To paraphrase T.S. Eliot, April (aka National Poetry Month), is the queerest month. There are so many books from which to choose before April's end, and beyond, of course, that it's difficult to know where to begin. How about alphabetically?

South Florida-based Black homoflexible poet Jubi Arriola-Headley returns with his second book "Bound" (Persea Books, 2024) in which he addresses sexuality, race, gender, sex, and pleasure. Family also plays a prominent role in poems including "Questionnaire I," "Requiem," "Jack," "N'Jadaka's Appeal," and "Thanksgiving." Arriola-Headley's accessibly experimental side glows in "Letter to My Nether Regions" and "black (v.)."

Poet, queer literary authority, editor, and retired educator David Bergman has kept us waiting 25 years for the arrival of his new book of poetry "Plain Sight" (Passager Books, 2024). Baltimore-based Bergman's third full-length collection features "The Man Who" series consisting of more than a dozen poems (some grouped together, some interwoven into other sections), which, according to Bergman, developed from his "fascination with the case studies of Krafft-Ebing, Freud, and Oliver Sacks."
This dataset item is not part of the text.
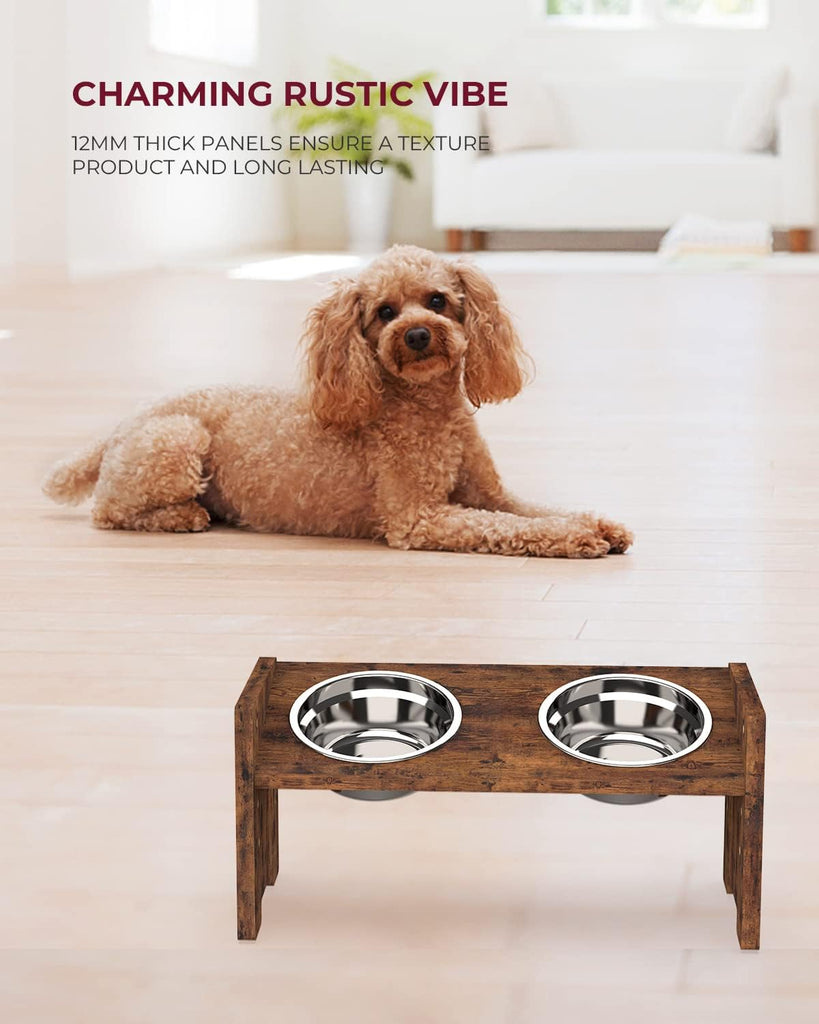 Elevated Dog Bowls, Raised Bowl Stand Adjustable Small, Rustic Brown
Like Arriola-Headley, gay poet Richard Blanco, the fifth presidential inaugural poet in our country's history, as well as a National Humanities Medal recipient, is based in South Florida (in addition to Maine). Blanco's lates book, "Homeland of My Body: New & Selected Poems" (Beacon Press, 2023) features more than 30 new poems, bracketing older poems culled from four of his earlier full-length collections.
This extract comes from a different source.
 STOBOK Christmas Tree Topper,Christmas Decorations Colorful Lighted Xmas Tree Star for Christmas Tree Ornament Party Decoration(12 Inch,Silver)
Featuring poems that have previously been published in Poetry, The Adroit Journal, and Foglifter, as well as advance praise from Terrance Hayes, "Orders of Service" (Alice James Books, 2023), the debut collection from Black nonbinary poet Willie Lee Kinard III, winner of the 2022 Alice James Award, is one of the most eagerly anticipated books of the year. Deservedly so, because poems such as "The Sugar," "Barbicide," "A Tangle of Gorgons," "Aubade: Nocturne," and "Elegy," herald the arrival of a new and necessary queer voice in poetry.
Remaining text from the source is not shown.